The designations stem from 2024 legislation introduced on behalf of DHCD, directing the agency to map historic harms through the lens of current conditions and make investment recommendations to the governor.
DHCD Secretary Jake Day said Thursday morning that, in his role, he wants to address historical injustices.
“It’s not just about current conditions,” he said of Just Communities. “It’s about those past harms and the intent — the government-driven, I would say, collusion-backed intent between multiple centers of society, government, finance … to hold certain places back based on the racial composition of those neighborhoods.”
To qualify for the designation, areas must show evidence of both historical and present inequities, including high incarceration rates, legal segregation, disparate exposure to environmental and health risks, and disruption from highway and road projects, such as Baltimore’s Highway to Nowhere. The designation lasts for five years, and projects in Just Communities will receive priority consideration for state funding.
DHCD will recommend that funding be allocated to these communities to implement some of its programs, including its digital equity broadband initiative and its state small business credit initiative.
All Just Communities lie within existing priority funding areas, and 84% overlap with communities that are eligible for funding through Moore’s initiative to end childhood poverty through the ENOUGH Act.

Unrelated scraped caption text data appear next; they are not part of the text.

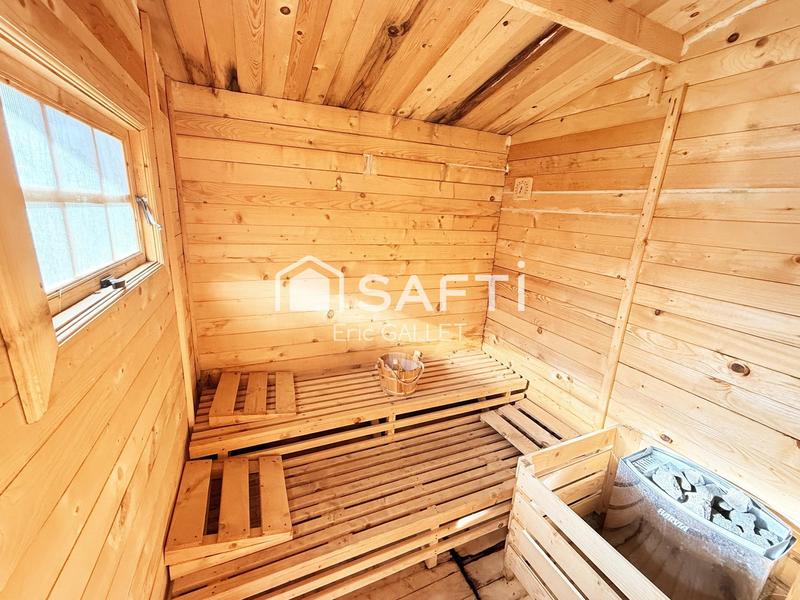 Maison - 136 m² - 6 pièces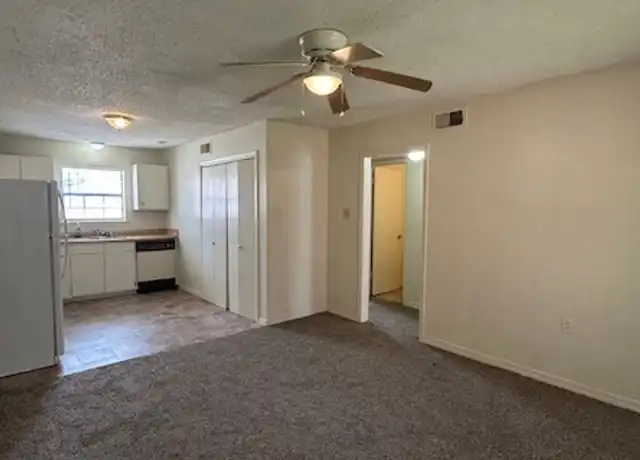 Property at 1506 Delplaza Dr Unit 1506B, Baton Rouge, LA, 70815, 2 beds, 1 bath, [object Object]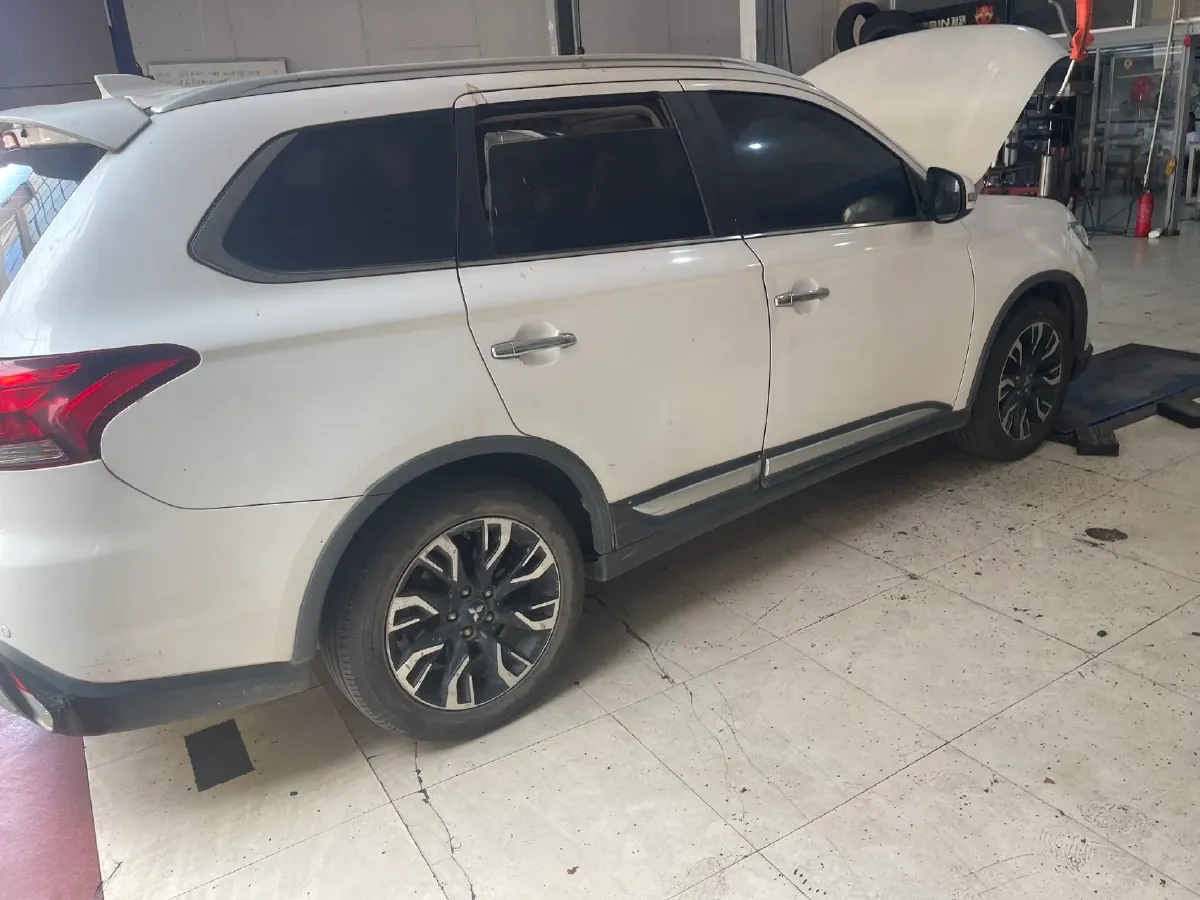 2019 Mitsubishi Outlander 2.4L 192HP L4 CVT,autocango,china used car exporter,china ev exporter,chinese used car exporter,chinese used ev exporter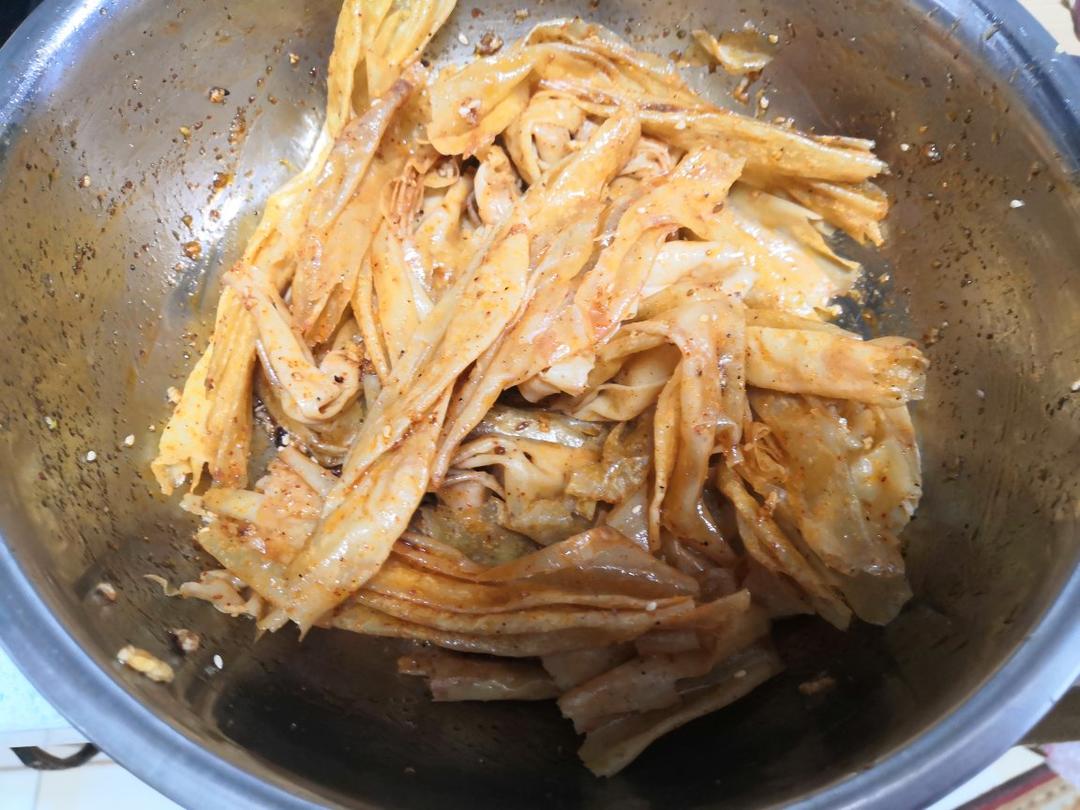 自制花蝴蝶辣条（豆皮）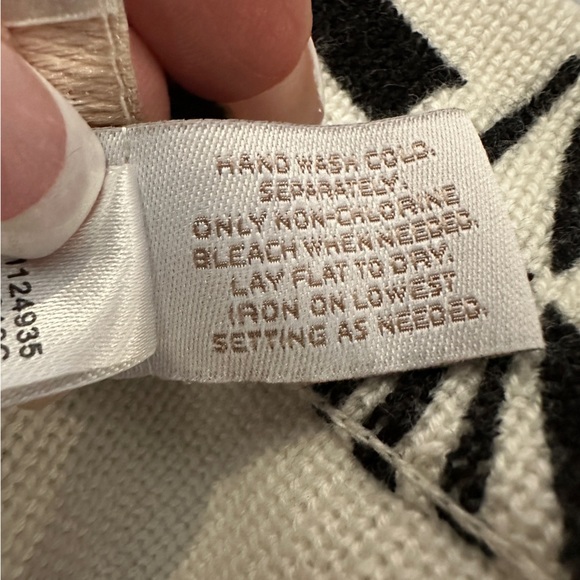 Chico’s Black White Geometric Button Knit Jacket Sz 1 (M/L) Statement Print - Picture 9 of 12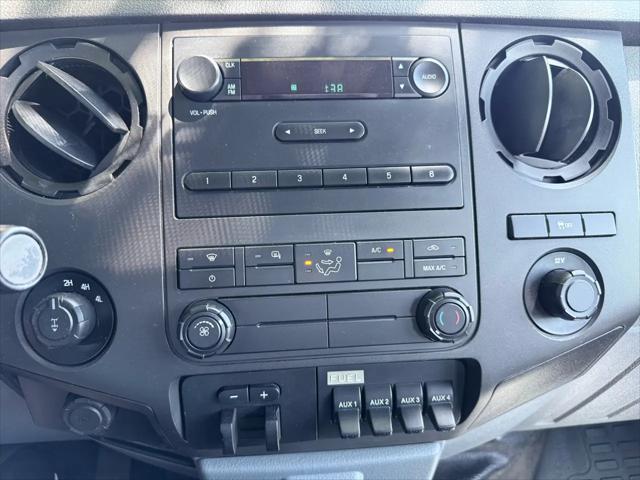 2013 Ford F-350 4WD Crew Cab 172"" XLT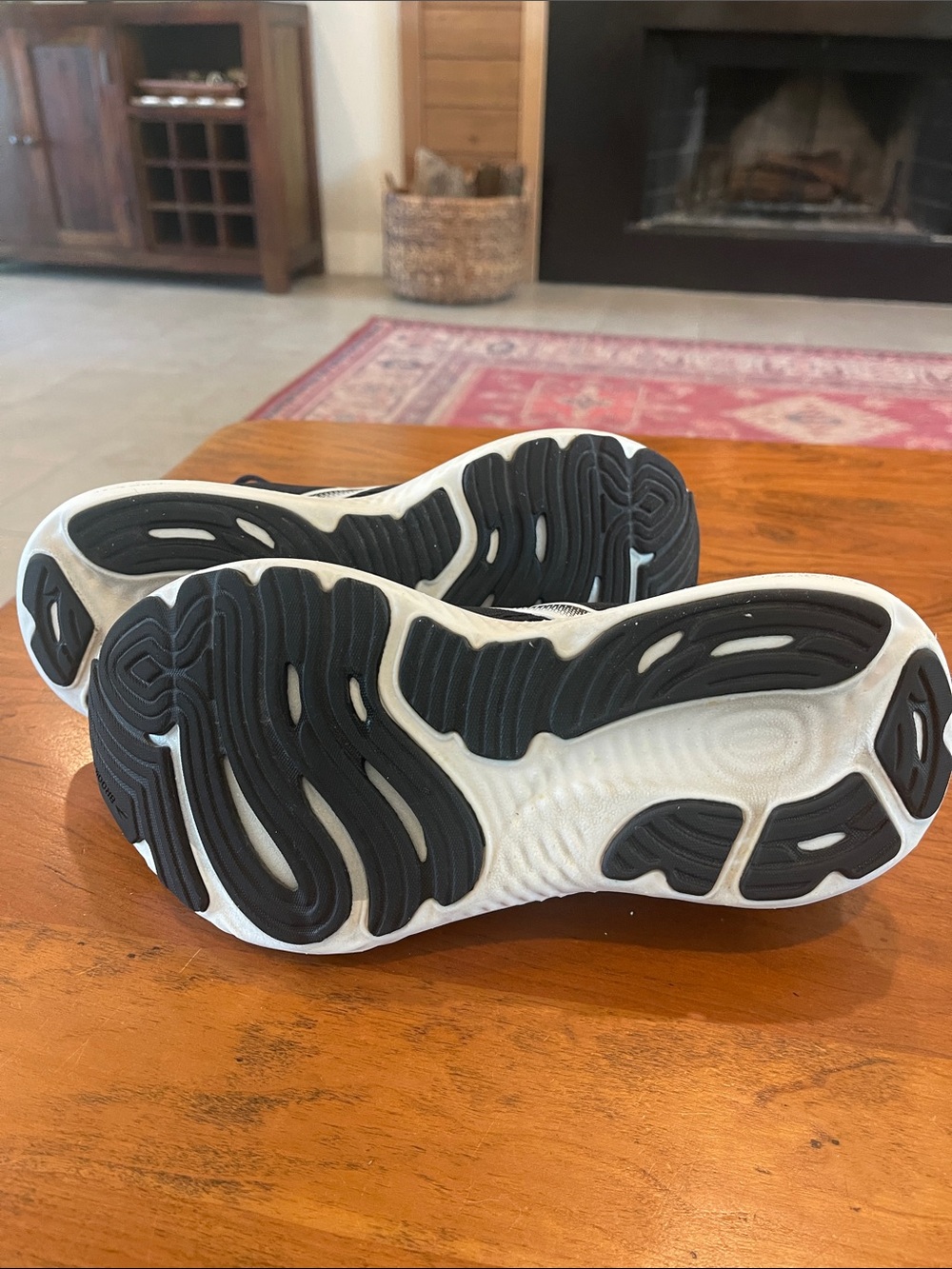 Glycerin 22 Brooks Black and White Running Shoes - Picture 5 of 14
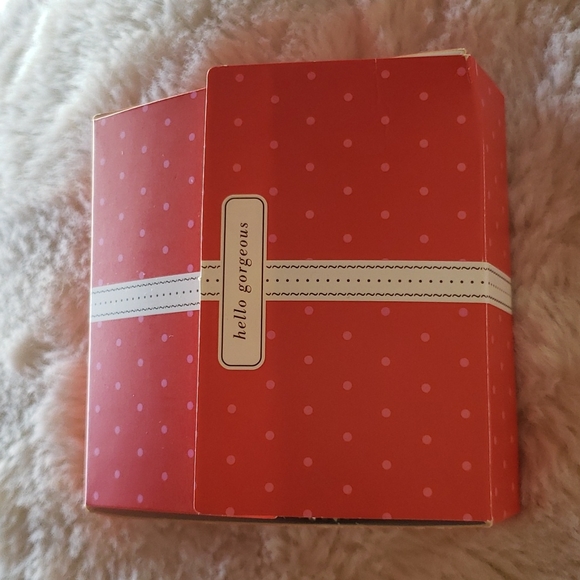 Stella & Dot Sparkly Bardot Spiral Bangle bracelet. Like new with box. - Picture 5 of 7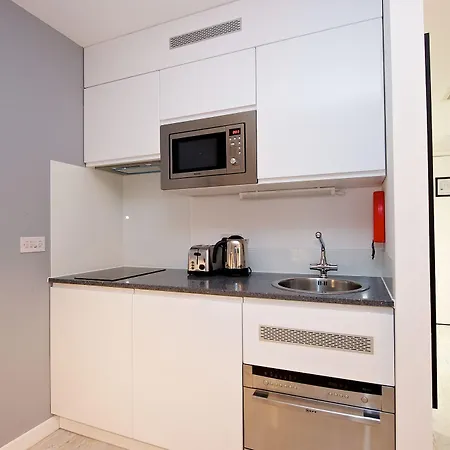 Staycity London Heathrow Aparthotel 4*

Moore previewed the Juneteenth announcement during his May commencement speech at the University of Maryland Eastern Shore, one of Maryland’s four Historically Black Colleges and Universities. He said the decision to make his announcement Thursday on the Eastern Shore was intentional, citing the region’s dual history as a birthplace of prominent Black leaders like Harriet Tubman and Frederick Douglass, and as a site of early redlining and incarceration practices.
It “represents a place of pride” and “a place of prejudice,” Moore said, noting that it was one of the early entry points of the Underground Railroad and saw some of the first mass incarceration and redlining.
“I think it’s appropriate — not just in the case of Maryland history, but in the case of American history — that we center this work of repair on one of the first places that showed America’s brokenness,” he said.
While Moore has chosen to take action toward ending the racial wealth gap, he currently finds himself at odds with some members of the Black community.
The governor issued his veto of legislation that would have established the Maryland Reparations Commission in May — the same day he hinted at Thursday’s announcement at UMES.
The bill would have launched a two-year study into whether the state should provide reparations to Marylanders impacted by the state’s history of slavery and racial inequity.
“I have a fundamental disagreement with the General Assembly on what’s required inside this moment,” he said. “I believe that this is a moment for action. I believe that this is a moment where we want to put together policies that are actually helping to address the harm that was … historically done.”